Instructor Information

Charles Alexander

Email: calexand3@verizon.net
Work Phone: (410) 796-1730
Home Phone: (410) 730-1641

Course Information

Course Description

In this course, students receive an introduction to the principles of communication systems engineering. Students examine analog and digital communication including linear (AM, DSB, SSB) and exponential (PM, FM) modulation, sampling, noise and filtering effects, quantization effects, detection error probabilities, and coherent and noncoherent communication techniques.

Prerequisites

A working knowledge of Fourier transforms, linear systems, and probability theory.

Course Goal

Course goal is to apply the concepts of Fourier and analysis (deterministic and statistical) in understanding and comparing the principles and performance of analog and digital communication systems.

Course Objectives

  • Introduce the communication channel and apply both deterministic and statistical Fourier concepts to transmission propagation , power spectral density and analog & digital signal modulation characteristics.

  • Develop and compare the functional blocks of amplitude and angle modulation and demodulation for both analog and digital sub-systems.

  • Anayze the analog - to - digital conversion (A/D) process, line coding, pulse shaping and optimum detection functions.

  • Develop and comapre the performance of [A] Analog (AM, FM, PM) and [B] Digital (binary, M-ary and spread spectrum) communication systems in the presence of noise and interference.
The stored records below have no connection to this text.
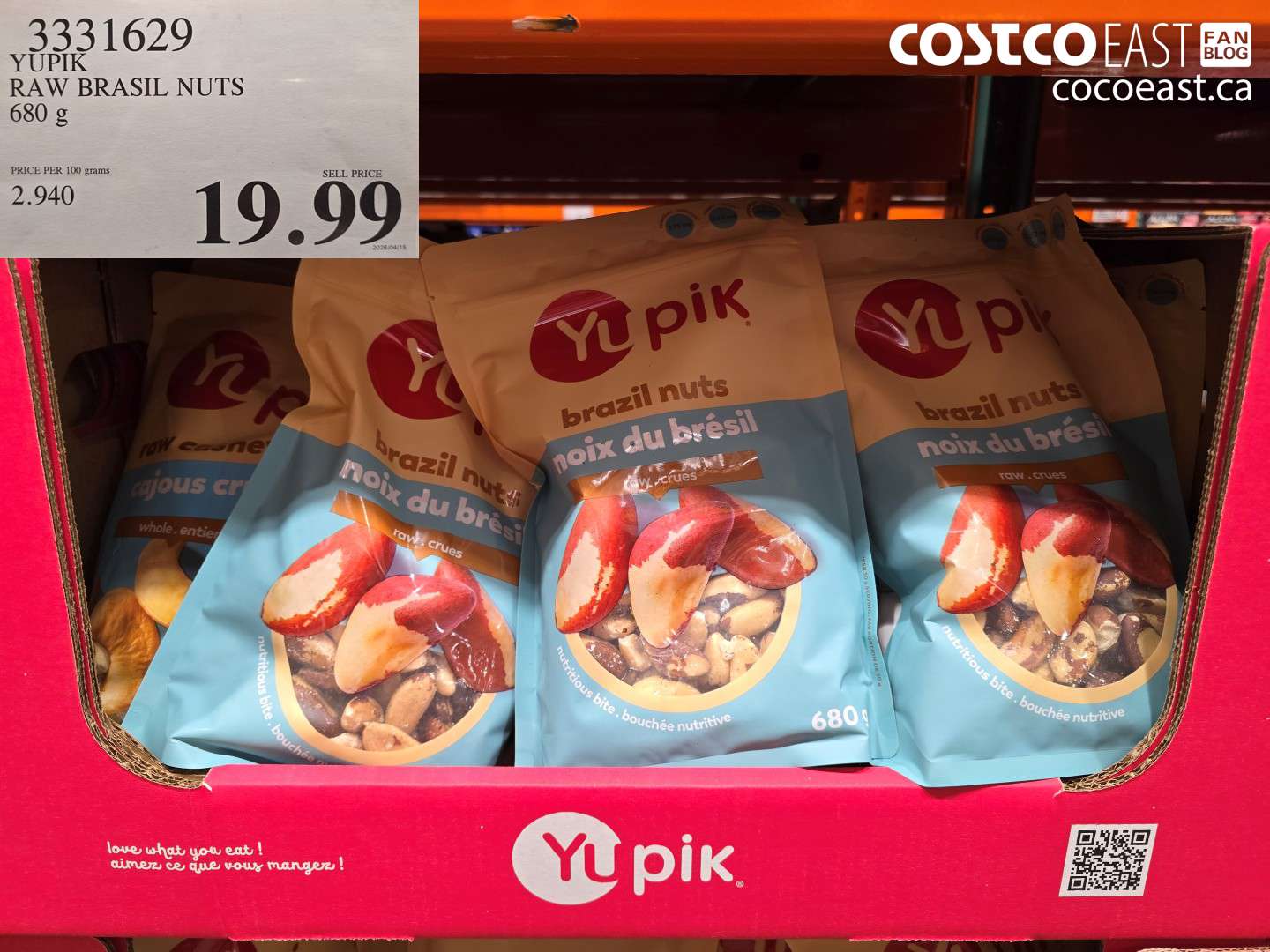 3331629 YUPIK RAW BRASIL NUTS 680 G $19.99
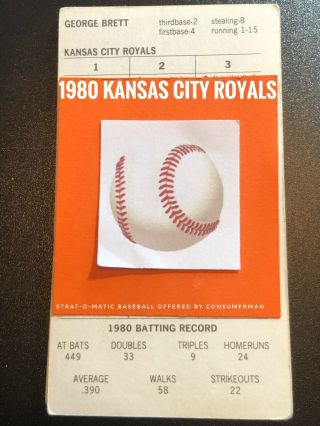 Strat - O - Matic Baseball 1980 Kansas City Royals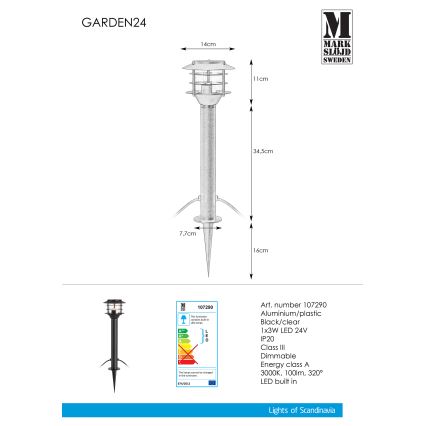 Markslöjd 107290 - LED Spoljna lampa GARDEN 24 LED/3W/24V 45 cm IP44 crno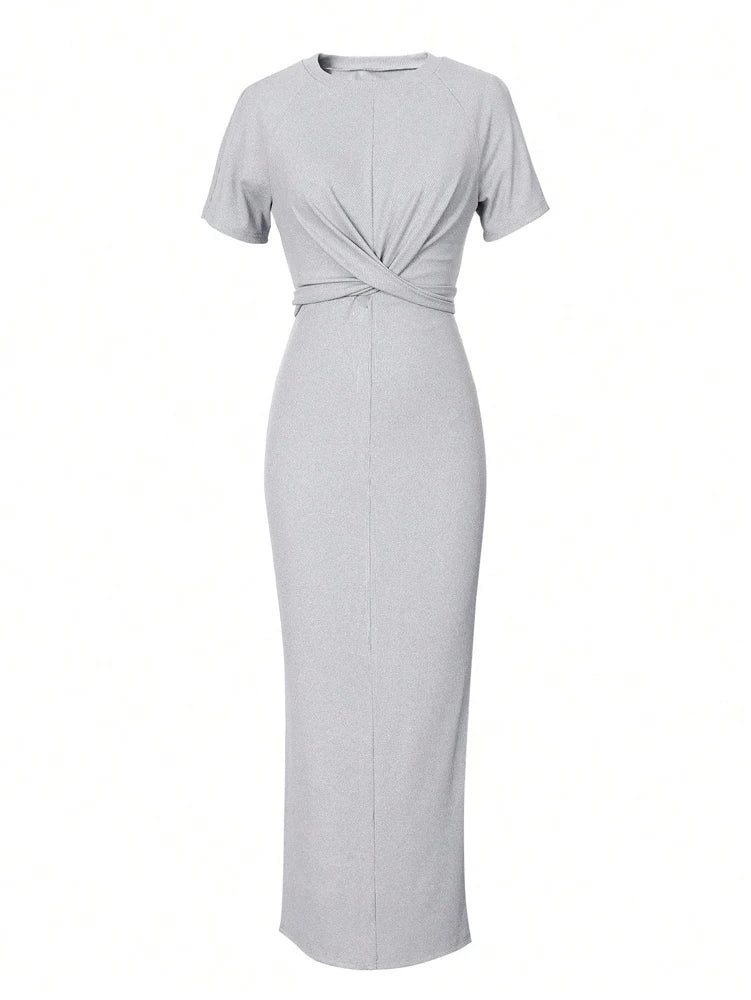 Women Round neck Chest Crossed Waist short sleeve Side split medium-length dress Homecoming Valentine's Day Elegant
When This Course is Typically Offered

This course is offered every semester (Fall, Spring and Summer). 

Syllabus

Topics Covered

  • Fourier spectral and time signal analysis
  • Channel transmission and propagation effects
  • Amplitude modulation (DSB, SSB, AM, vestigal)
  • Angle modulation (phase, frequency)
  • A/D - analog-to-digital (sampling, quantization, encoding)
  • Digital formatting (coding, shaping, detection)
  • Digital carrier communication concepts (ASK, PSK, FSK)
  • Probability and random variables
  • Random processes and optimum filtering
  • Analog modulation in noise and interference
  • Binary digital modulation in noise and interference
  • M-Ary versus binary communication principles
  • Fading channels and rake receivers
  • Practical communication applications

Student Assessment Criteria

Midterm 50%
Final 50%

Participation Expectations

Homework will be assigned every week. The midterm and final exams may be a combination of in-class and take-home.

Textbooks

Textbook information for this course is available online through the MBS Direct Virtual Bookstore.

Course Notes

There are notes for this course.

Final Words from the Instructor

This course provides the student with the fundamental skills to analyze and solve analg and digital communication problems on a system level. The material learned in the course will be the basic information needed for courses in advanced digital & wireless communications, telecommunications and digital & analog signal processing.